I slam shut my locker with such force that the whole bank of lockers sways violently, threatening to topple over. I spin around and face them, stand frozen for a second, glaring at each of them. They both shrink back a little. My nostrils are probably flaring, my eyes narrow and fierce.

  The backs of my sneakers dig into my soles as I march out of the locker room. Seconds later I march back in, my sneakers still like flip-flops. I stop in front of the women.

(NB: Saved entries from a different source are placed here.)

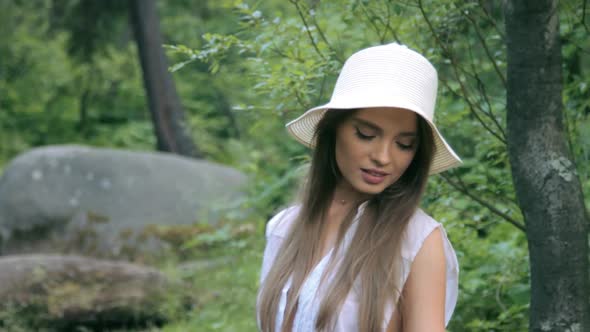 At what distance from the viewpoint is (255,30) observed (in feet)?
11.7

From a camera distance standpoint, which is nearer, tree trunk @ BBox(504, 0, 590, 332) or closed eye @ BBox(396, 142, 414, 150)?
closed eye @ BBox(396, 142, 414, 150)

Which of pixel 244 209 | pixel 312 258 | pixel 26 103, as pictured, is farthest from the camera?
pixel 26 103

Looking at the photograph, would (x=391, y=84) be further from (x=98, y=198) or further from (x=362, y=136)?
(x=98, y=198)

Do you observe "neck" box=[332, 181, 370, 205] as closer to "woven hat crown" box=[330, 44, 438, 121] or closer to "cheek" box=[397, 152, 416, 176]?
"cheek" box=[397, 152, 416, 176]

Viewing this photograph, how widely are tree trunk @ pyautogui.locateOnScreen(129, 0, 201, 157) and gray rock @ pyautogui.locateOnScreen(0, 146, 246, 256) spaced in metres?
2.56

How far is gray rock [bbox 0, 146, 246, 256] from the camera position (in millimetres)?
9219

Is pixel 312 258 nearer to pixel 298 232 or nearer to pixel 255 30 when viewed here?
pixel 298 232

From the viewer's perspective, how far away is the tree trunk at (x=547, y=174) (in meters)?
2.55

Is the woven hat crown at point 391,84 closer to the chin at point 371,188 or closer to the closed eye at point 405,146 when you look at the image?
the closed eye at point 405,146

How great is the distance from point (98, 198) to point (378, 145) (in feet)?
25.4

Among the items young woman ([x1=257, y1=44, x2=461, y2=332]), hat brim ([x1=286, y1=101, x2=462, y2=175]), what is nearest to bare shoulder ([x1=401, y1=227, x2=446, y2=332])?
young woman ([x1=257, y1=44, x2=461, y2=332])

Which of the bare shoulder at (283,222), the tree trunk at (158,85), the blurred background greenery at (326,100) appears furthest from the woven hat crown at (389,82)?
the tree trunk at (158,85)

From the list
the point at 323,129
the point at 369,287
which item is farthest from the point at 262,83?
the point at 369,287

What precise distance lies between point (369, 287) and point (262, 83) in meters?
1.26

  “Just because someone’s husband is good-looking, it doesn’t make him perfect,” I say. “Doesn’t mean being thin is enough to make your marriage work. Just because he’s good-looking doesn’t mean he isn’t flawed in every way possible.”

  I was wearing black.

  I was wearing a black designer shift dress I’d found in one of the charity shops in central London where all the celebs leave their castoffs. It was last season, but I knew I could pull it off if I wore it with ironic casualness: with my hair in a slightly messy side chignon, and flats, it would seem that I had this season’s clothes but I was fashionable enough to wear what I want, when I want, and know that I still looked good in it. Once I bought it, I couldn’t afford to eat for a week, but I had to have it. Between fashion and food, there was no contest. When something suited me, I had to have it, no matter what I needed to sacrifice to get it. It was a simple case of self-esteem economics: once I looked good, I would feel good. Sometimes looking good, being groomed on the outside, was all that kept me going on the inside. Some women filled the hole inside them with food, their work, alcohol, drugs, unwise sex—I knew that my vice was keeping myself “together.” Running every morning, perfecting my makeup, wearing clothes that suited me—looking the part so I would feel the part.

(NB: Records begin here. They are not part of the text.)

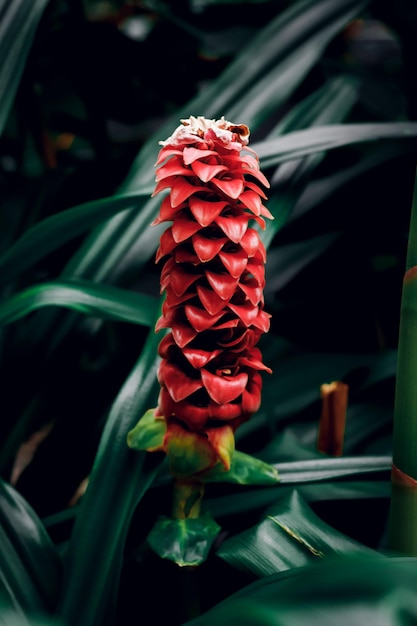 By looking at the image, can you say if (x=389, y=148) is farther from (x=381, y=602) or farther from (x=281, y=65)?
(x=381, y=602)

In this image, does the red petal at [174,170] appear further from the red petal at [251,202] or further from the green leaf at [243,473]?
the green leaf at [243,473]

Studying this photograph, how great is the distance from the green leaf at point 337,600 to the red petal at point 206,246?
19 cm

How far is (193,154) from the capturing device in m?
0.38

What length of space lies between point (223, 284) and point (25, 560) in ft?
0.78

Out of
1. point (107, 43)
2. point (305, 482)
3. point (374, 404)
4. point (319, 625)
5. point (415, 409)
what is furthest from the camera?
point (107, 43)

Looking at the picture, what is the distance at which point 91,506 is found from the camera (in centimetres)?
47

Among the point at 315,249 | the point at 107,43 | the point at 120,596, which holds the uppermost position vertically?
the point at 107,43

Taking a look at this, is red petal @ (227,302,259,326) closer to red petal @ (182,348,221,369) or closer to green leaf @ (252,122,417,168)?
red petal @ (182,348,221,369)

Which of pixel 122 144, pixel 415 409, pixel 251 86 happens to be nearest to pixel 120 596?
pixel 415 409

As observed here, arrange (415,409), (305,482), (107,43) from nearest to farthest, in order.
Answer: (415,409) → (305,482) → (107,43)

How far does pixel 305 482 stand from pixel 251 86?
1.41 ft

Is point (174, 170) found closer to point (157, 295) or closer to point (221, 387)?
point (221, 387)

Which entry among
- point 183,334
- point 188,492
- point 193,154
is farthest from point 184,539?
point 193,154

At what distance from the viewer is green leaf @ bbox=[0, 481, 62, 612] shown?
1.47 feet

  I’d been in the bar for ten minutes on my own, waiting for a couple of the other legal secretaries I worked with to show up. I checked my watch again, suppressing a sigh as the big hand slid to the five—showing me that it was 8:25 p.m. We’d arranged to meet in this cool bar just behind Marble Arch at seven-thirty, and I’d arrived just after eight because I knew they were always fashionably late—we all were. This time, we’d all outdone ourselves. Some of the partners at the large law firm where we worked had those mobile phone things. Phones you took with you in your bag or briefcase, so you could ring people and ask them where they were if they were late, or ring to tell them you had been delayed. But none of us were even close to being that rich. We had to make arrangements and stick to them, or make use of the pay phones.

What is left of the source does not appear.